I found a similar thread about unifi controllers talking about using zero vpn to bypass their voucher system.
"ZeroVPN is using DNS2TCP to pass traffic over the DNS ports of the network. We don’t block DNS traffic by default as the client needs to be able to resolve domain names such as the controller hostname during guest authentication - and if the client is using a third-party manually configured DNS, blocking it would break the portal for that client.
The solution is to have all traffic that is on port UDP:AnyIP:53 redirected to your router, and configure the router as a DNS forwarder/cacher as necessary."
Does that seem like it would be the vector used against the CNPilot? If so can anyone help me set up a workaround for the CNpilot?
Could you set up your router to grab any request sent to 53 and redirect it to your router.
I did this in Mikrotik to force people on the guest network to use a “kid safe DNS service.”
When you request an IP from the guest DHCP server.

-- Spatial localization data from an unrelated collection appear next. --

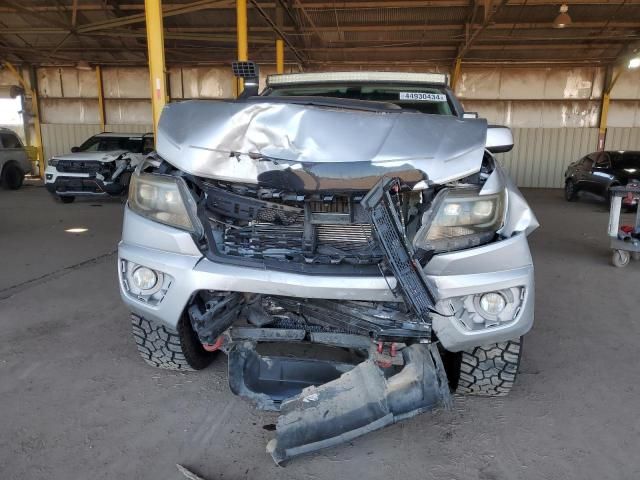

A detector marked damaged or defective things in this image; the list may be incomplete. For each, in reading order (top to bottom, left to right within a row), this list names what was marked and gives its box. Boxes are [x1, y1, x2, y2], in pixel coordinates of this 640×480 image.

crumpled hood [155, 99, 484, 191] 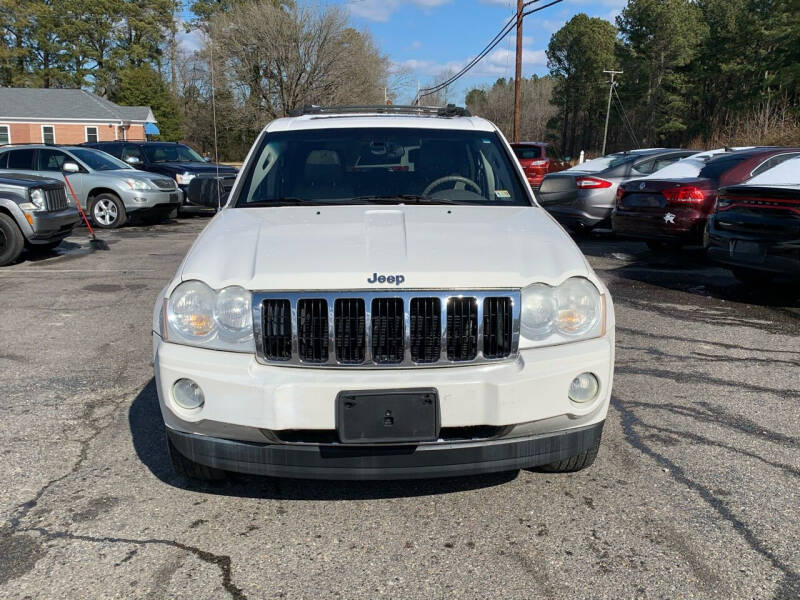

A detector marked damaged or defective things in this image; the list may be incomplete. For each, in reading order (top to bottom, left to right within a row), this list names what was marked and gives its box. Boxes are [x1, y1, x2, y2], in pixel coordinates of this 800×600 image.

pavement crack [21, 524, 247, 600]
pavement crack [608, 396, 796, 596] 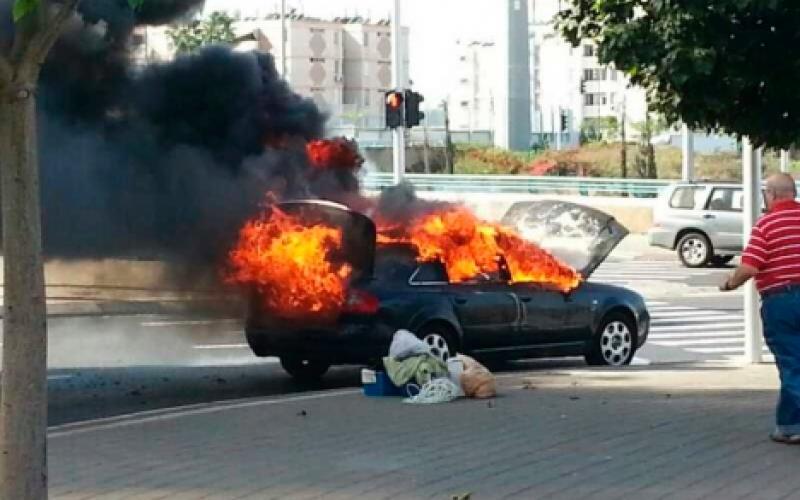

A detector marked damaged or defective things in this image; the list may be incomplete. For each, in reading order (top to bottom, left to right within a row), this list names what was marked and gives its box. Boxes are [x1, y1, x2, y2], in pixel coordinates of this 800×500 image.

scorched car body [248, 199, 648, 378]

You get the kid safe DNS as your DNS via DHCP. I have a nat rule that grabs any packets sent to port 53 not destined to that kid safe DNS… Gets sent there anyways.
A similar issue was observed by one of the ISPs in Southeast Asia, who reported massive amounts of traffic( on port 53) from clients prior to authentication. To mitigate, we recommend allowing just known DNS traffic and blocking all other DNS traffic. At the end of the ACL rule, be sure to allow all IP traffic. Please let me know if you require assistance in setting up the rule in the AP.

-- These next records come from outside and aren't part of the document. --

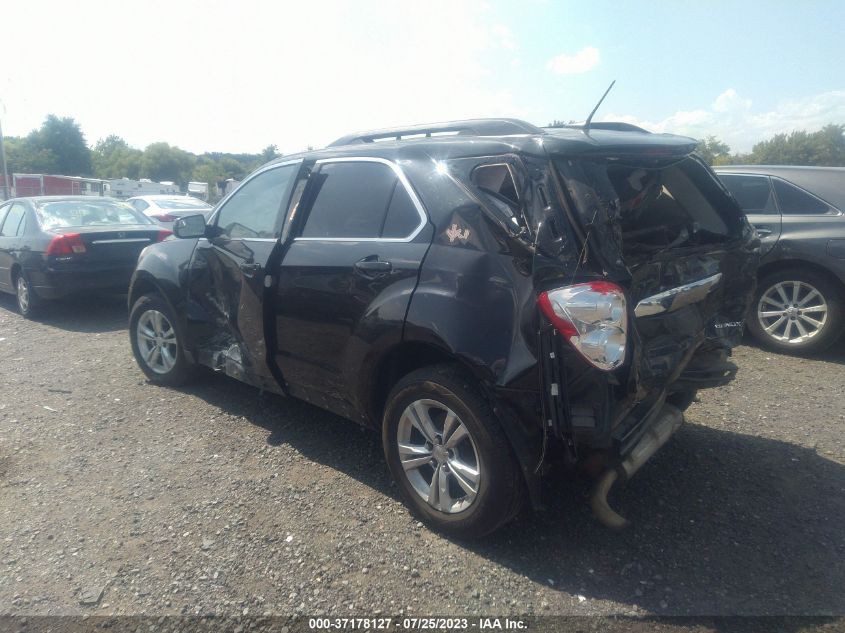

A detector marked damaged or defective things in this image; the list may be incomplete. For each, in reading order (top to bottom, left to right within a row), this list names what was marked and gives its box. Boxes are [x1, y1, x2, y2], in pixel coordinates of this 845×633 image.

damaged tail light [46, 233, 87, 256]
damaged tail light [540, 282, 628, 370] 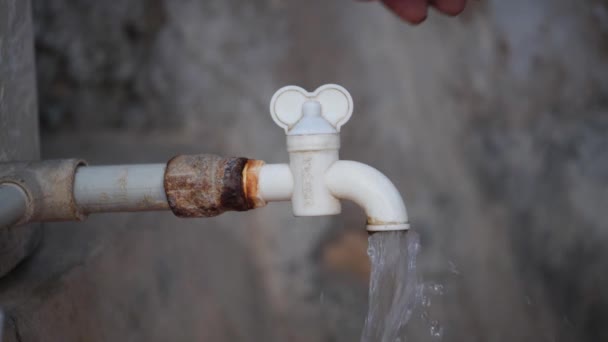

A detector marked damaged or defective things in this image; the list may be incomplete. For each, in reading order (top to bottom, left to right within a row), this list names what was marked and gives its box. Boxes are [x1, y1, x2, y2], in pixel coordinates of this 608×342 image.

rusty metal coupling [0, 158, 88, 224]
rust stain [163, 154, 253, 218]
rusty metal coupling [163, 154, 264, 218]
rust stain [243, 160, 264, 208] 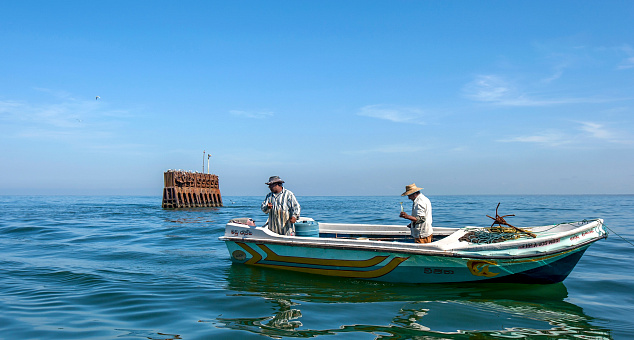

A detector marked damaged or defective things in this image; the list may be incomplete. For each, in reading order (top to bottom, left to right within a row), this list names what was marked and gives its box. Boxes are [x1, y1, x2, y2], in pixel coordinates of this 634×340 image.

rusty metal structure [160, 169, 222, 207]
rusted platform in water [160, 169, 222, 209]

I was thinking something similar, but I am not sure how to set it up. Step by step instructions would be very helpful. It is consuming most of our bandwidth. I have resorted to blocking mac addresses, but it is trivial to spoof a new mac.

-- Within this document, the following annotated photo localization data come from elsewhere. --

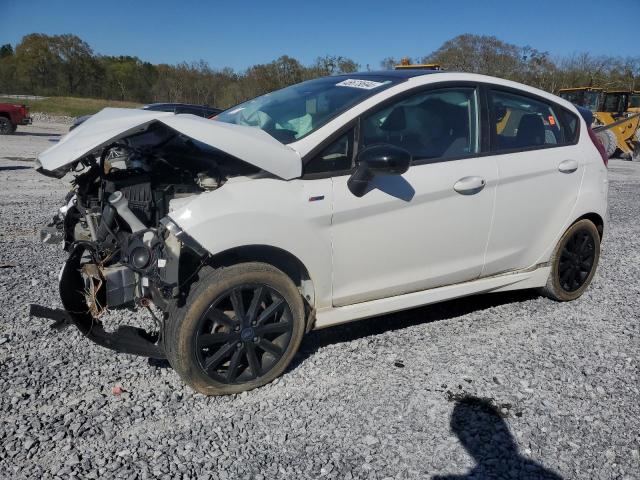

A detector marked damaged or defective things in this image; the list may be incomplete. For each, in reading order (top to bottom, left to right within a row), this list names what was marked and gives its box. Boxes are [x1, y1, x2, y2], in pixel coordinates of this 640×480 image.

front bumper damage [30, 219, 205, 358]
broken headlight area [30, 125, 255, 358]
crumpled hood [35, 108, 302, 179]
damaged white hatchback [31, 70, 608, 394] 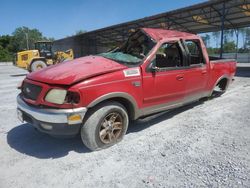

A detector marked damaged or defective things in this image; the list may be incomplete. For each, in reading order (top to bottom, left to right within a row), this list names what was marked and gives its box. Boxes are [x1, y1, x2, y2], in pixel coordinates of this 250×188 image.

I’ve attached a snippet of conf that allows DNS traffic only to the IP addresses 202.5.117.1 and 192.168.246.1, denies all other DNS (PRECEDENCE 255) traffic from clients , and finally allows all IP traffic (PRECEDENCE 256).
ACL can be configured from the wireless wlan configuration page.
Can someone look to see if there is an issue with the acl list I set up via web ui? I set it up on a test network, and I can get a connection through, but I don’t know yet if it will block traffic on 53.
I got ahold of one of the phones someone was using. They were using an app called thunder vpn. So I downloaded it, and sure enough I can bypass the voucher system. So I used the packet capture and can confirm the data is being passed on port 53. I can’t seem to get the acl list in the web ui to work. Can someone take a look at this and see where I have gone wrong. I want to deny all port 53 traffic not going to my preferred dns, but when I look at the packet capture it is still getting through.
You didnt follow rules of @Anandakrishnan.
Also note precedence numbers, last statement is precedence 256 (Allow_All), Deny_allother_DNS is precedence 255 which is execute before 256
I am getting very strange results using the web ui acl list. If you look at the screen shot I have taken it seems to reverse source port, and Destination IP/Mask. Can someone confirm if these are being reversed or recreate the issue. This is happening for every rule I put.
Hi Chris,
Please double-check that the direction you gave is “out” and the description is “in.”
SIP DIP SP DP is the order, therefore the “any” after the IP address 208.67.222.123 is the destination IP. For Protocol, you’ve selected “any” , better way to manage ACL rules is to have independent rules for protocols. So, better to create two sets of rules, one for UDP and the other for TCP.
The IN rule is hitting the AP on the WLAN IN direction, so to allow traffic from client to destination IP address x.x.x.x with port number 53, the rule you should add is
Policy – Permit
direction – IN
proto – UDP/TCP
SIP – any
SP – any
DIP – x.x.x.x
DP – 53
I had In and out intuitively backwards in my mind. It still seems like there is an issue with the web ui switching SP and DIP see my last post. Can you look at that and comment?
This seems to work at least on my phone. I will check tomorrow when there are people trying to get on. It still seems like the web ui is flipping SP and DIP at least in the way that it is written. I had to add a rule to allow 1.1.1.1 53 or the captive portal login would not popup.